The festive edition of Doctor Who will be shown on New Year's Day on BBC One instead of Christmas Day for the first time since the drama's return in 2005.
It will be the first Doctor Who episode to debut on 1 January since the second part of David Tennant's series exit aired on the first day of 2010.
Executive producer Chris Chibnall said it would see Jodie Whittaker's Doctor "face a terrifying alien threat".
The current series - Whittaker's first - will conclude on 9 December.
"We're thrilled to be starting the New Year with a bang on BBC One," said Chibnall, who promised audiences "an action-packed, hour-long special adventure for all the family".
Charlotte Moore, the BBC's director of content, said: "We're delighted the Doctor and her companions will be welcoming BBC One audiences into 2019 with this exciting new episode."
According to the BBC, the seasonal instalment will involve "a terrifying evil... from across the centuries of Earth's history".
By entertainment correspondent, Lizo Mzimba
The confirmation that Doctor Who is to move from its traditional Christmas Day slot is in some ways surprising. It's a day when BBC One likes to display many of the programmes it regards as its crown jewels.
Then again, it's a move that mirrors the programme's shift from Saturday to Sunday - a scheduling change that has seen significantly bigger audiences for Jodie Whittaker's Doctor.
New Year's Day is a day that in recent years has often delivered bigger ratings than Christmas Day with shows like Sherlock. A 1 January broadcast for Doctor Who will help it to stand out more, instead of just being one of a number of family favourites fighting for viewers on 25 December.
One other possible factor could be that a New Year's Day episode guarantees 2019 won't be a totally Doctor Who-free year, as it now looks unlikely Jodie Whittaker's second series will air before 2020.
It's never been explicitly or officially stated that there would be a new set of adventures every year, and the BBC isn't commenting on exactly when the next series will be transmitted.
But it's understandable that many expected they'd want to maintain the momentum built up by Whittaker's successful relaunch by echoing the early tenures of David Tennant, Matt Smith and Peter Capaldi and having a new run of stories around a year after their debut series.
Yet while the absence of a 2019 set of episodes would disappoint many, in a changing TV landscape it's not uncommon for event shows such Game of Thrones to have gaps longer than 12 months between some series.

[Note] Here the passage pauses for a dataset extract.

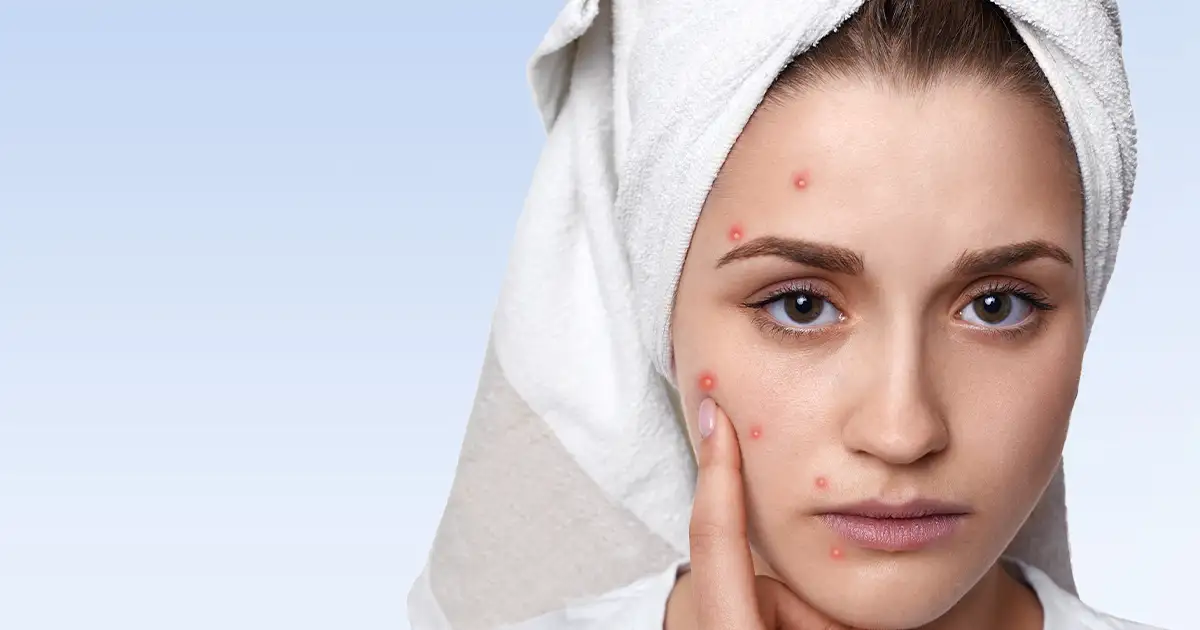 Woman looking at hair loss in brush — hormonal hair loss in women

The whispers I've heard coming out of the Tardis are that while there's a recognition that fans might want a series every single year, Doctor Who has almost uniquely complex filming requirements and a lengthy post-production period.

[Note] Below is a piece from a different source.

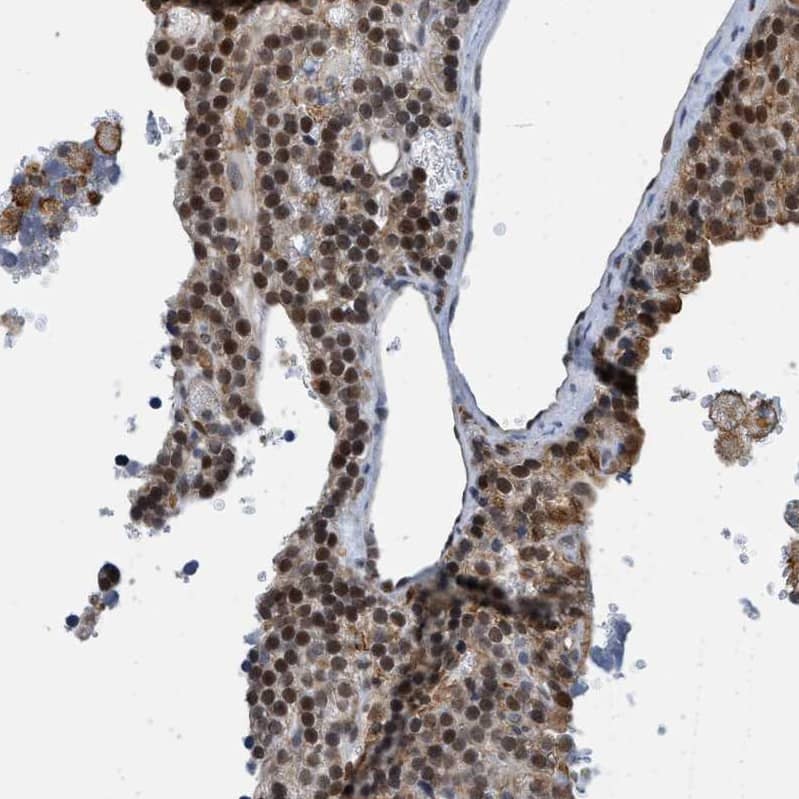 HP1 alpha Antibody - BSA Free Immunohistochemistry-Paraffin: HP1 alpha Antibody - BSA Free [NBP1-89672]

The team behind it are adamant that the most important thing is for the show to be 100% and not have its quality compromised by squeezing that process in order to meet a particular transmission pattern.
The Christmas Day edition of Doctor Who has been a TV fixture since Christopher Eccleston ushered in the show's current era.
Kylie Minogue, David Morrissey, Katherine Jenkins and Sir Michael Gambon are among the stars who have appeared in previous festive specials.
Whittaker's first full episode attracted a record audience for a new Doctor - 10.9 million viewers - last month.
The actress was first seen in her new role at the end of Twice Upon A Time, last year's Christmas special and the last episode to feature her predecessor, Peter Capaldi.